Bancquart, mots de passe Les mots de passe sont innombrables. Marie-Claire Bancquart les utilise comme monnaie d’échange universelle aussi bien pour la poésie, le temps et la vie. Son écriture bascule de vers en prose et de prose en vers, avec tant de facilité qu’on ne ressent qu’à peine ces changements de paliers. La narration, l’histoire s’incarnent peut-être mieux ici que là. L’auteure offre une poésie sans cesse simultanée, ou diachronique, où toutes les périodes se cumulent et s’emboutissent. Ainsi dès la première page, elle interroge les gargouilles qui, au sommet des cathédrales, symbolisent la monstruosité et l’obscurité des langages : ils ont inspiré sourdement les sculpteurs. Le Moyen-Age évoqué, elle fait part du pressentiment d’une préhistoire qui reprend le temps immémorial d’avant l’homme et la langue, c’est dire que les mots de passe embrassent aussi toute la genèse de l’univers. Jusqu’au présent de l’écriture et la douleur prégnante des maladies : L’éphémère nous travaille. Ton corps en pièces. La mise en perspective est vertigineuse.  
 
Il y a ce flux temporel, et les paysages fondateurs, équilibrants.

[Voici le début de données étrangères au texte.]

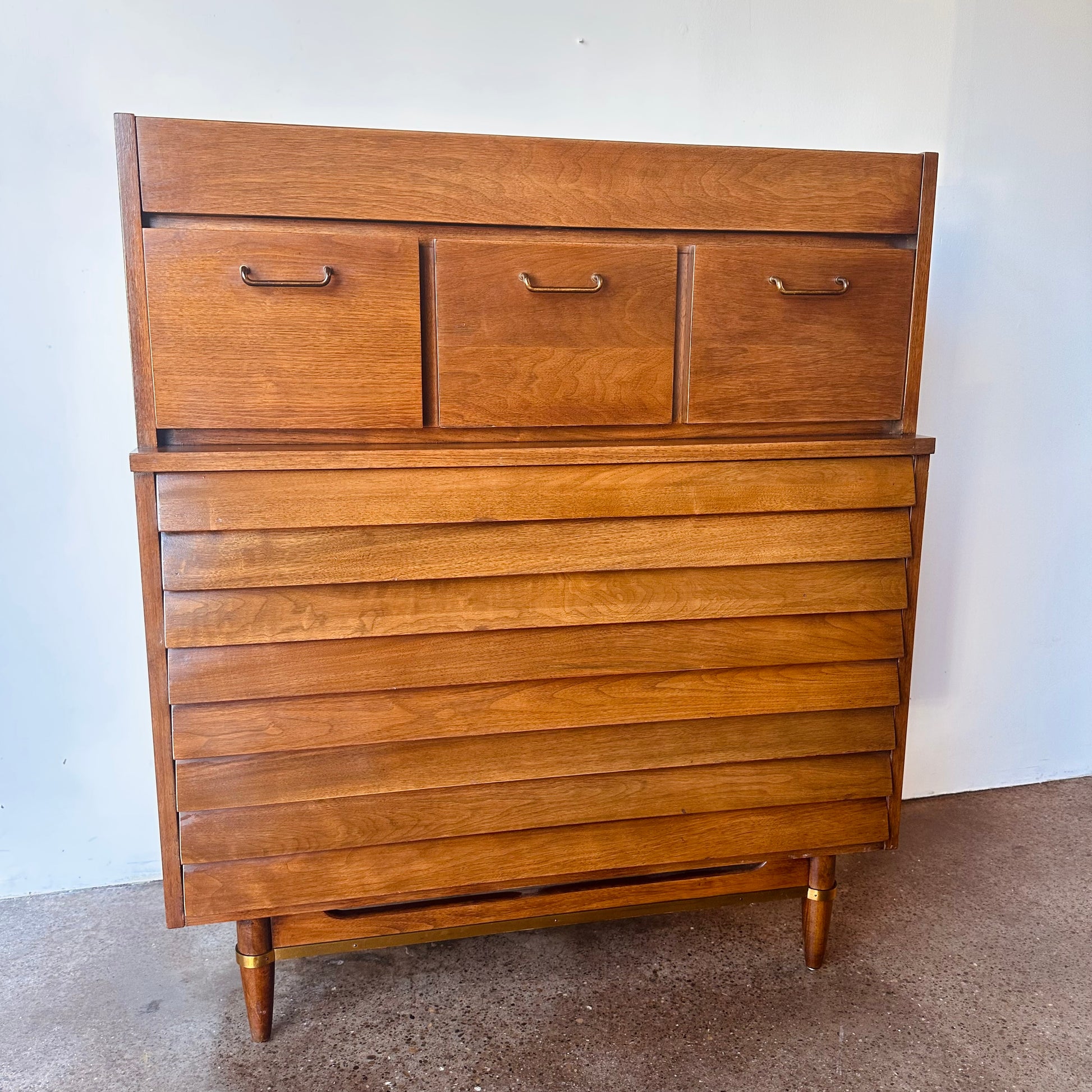 MERTON GERSHUN FOR AMERICAN OF MARTINSVILLE TALLBOY DRESSER MERTON GERSHUN FOR AMERICAN OF MARTINSVILLE TALLBOY DRESSER
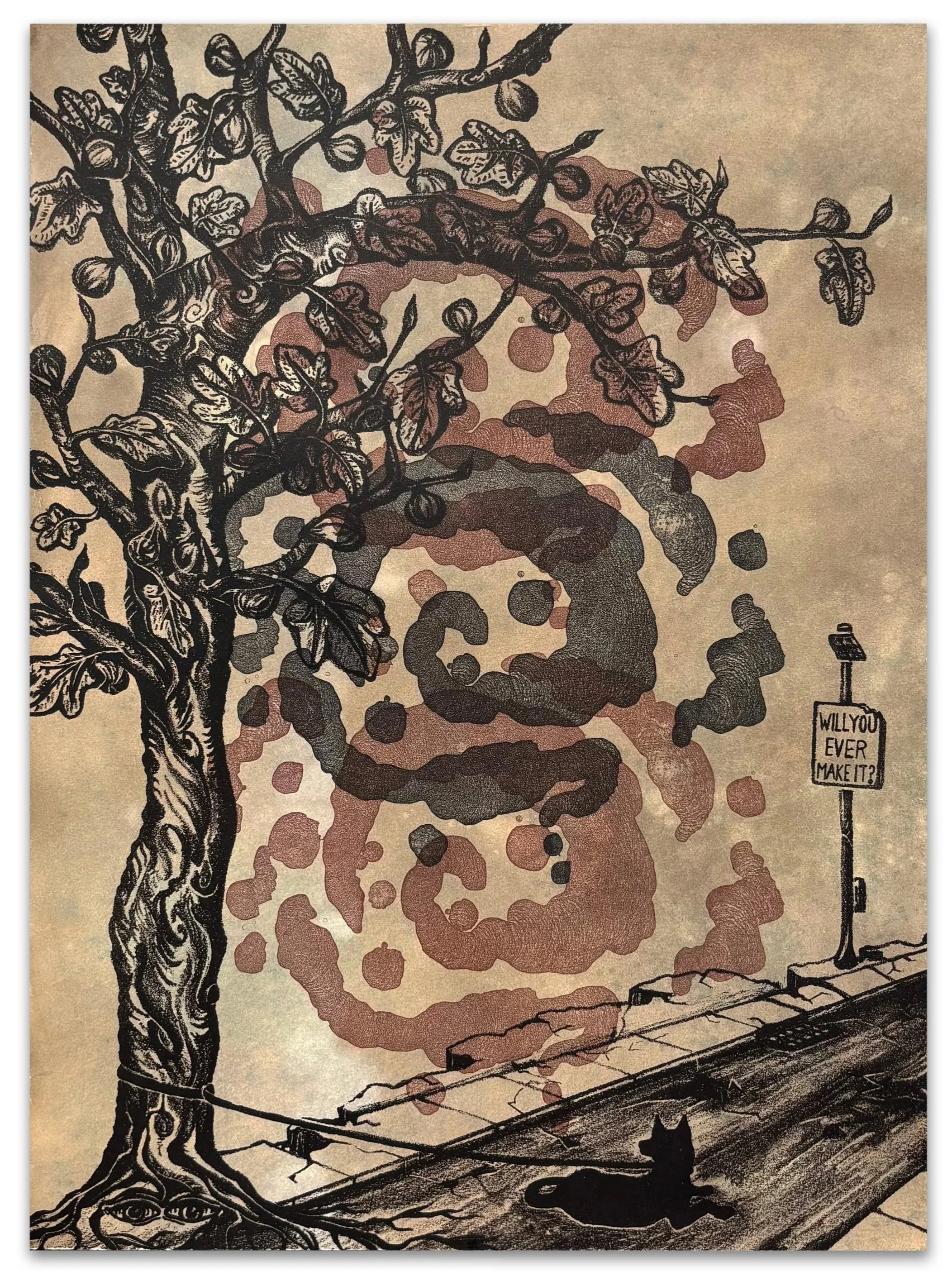 Precipice | 2025 | four-layer stone lithograph on toned cyanotype paper | 11 x 14 in. | variable edition of 20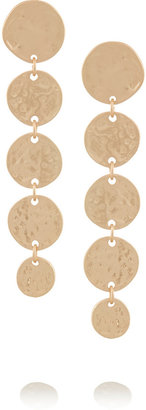 Kenneth Jay Lane Hammered gold-plated coin drop earrings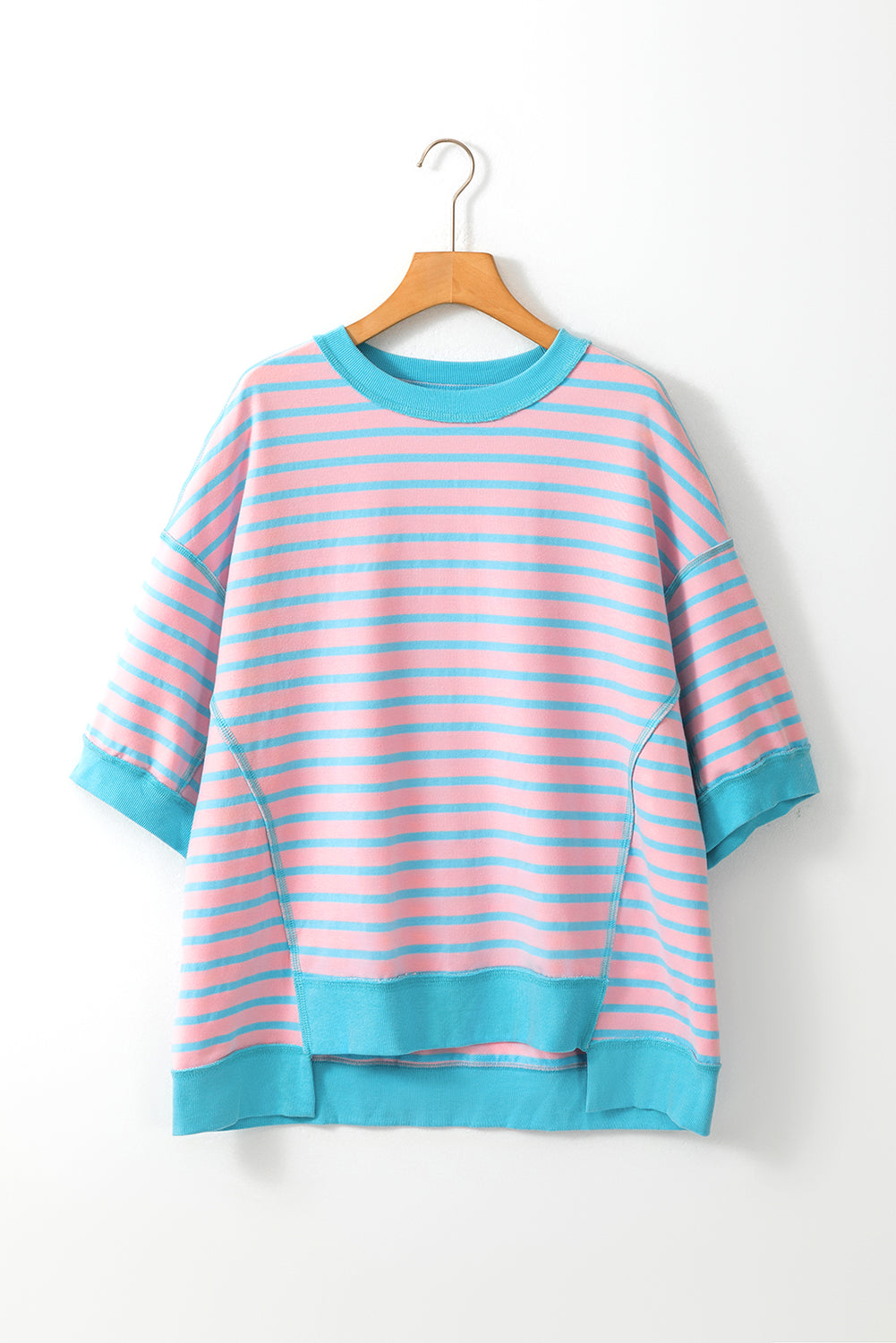 Sky Blue Stripe Oversized Contrast Trim Exposed Seam High Low T Shirt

Arbres et bêtes qu’on ne sait nommer mais qui structurent l’évidence :  
 
nous vivions comme en filigrane  
dans leur ensemble énigmatique  
 
Et la conscience de se juger, à une échelle infinitésimale mais réelle, alternativement comme salvateur ou prédateur du monde :  
 
comment t’accepter  
toi glorieux  
toi massacreur ?
 
 
La maladie, terrée dans les viscères et leur nuit inaccessible, donnerait des velléités d’introspection de sa propre chair  
 
ainsi notre rate  
qui a taille d’un poing.
 
 
Tentative de connaissance intime de sa viande pour accepter ou comprendre.  
 
Marie-Claire Bancquart catalyse par toute son écriture le plus simple atome, la moindre cellule, jusqu’au rien tout sec, la terre entière autour d’elle. Il y a de la ferveur et de l’enthousiasme dans cette quête inextinguible, voire de l’orgueil confesse-t-elle. Elle parle de « magie du vivant », tant cette appréhension reste mystérieuse et sidérante.  
 
Le titre d’une des six parties de son recueil : Nous espérons, nous implorons est une reprise inversée du vers : Nous explorons. Nous espérons… où l’on devine un des rares moments de découragement ou de résignation dans cette écriture combative et passionnée.  
 
Brièvement  
nous aurons parcouru la vie
 
 
Mais ce constat n’implique nul regret lorsqu’on sait aimanter les belles choses et agglomérer les lumières de l’aube, les regards des gens et les nuances de l’invisible. 
  
Un arbre en travers de mon corps  
me maintient droite… 
 
Ce livre de Marie-Claire Bancquart s’ouvre bien comme un vade-mecum du poète pour franchir seuils diaphanes et frontières intangibles.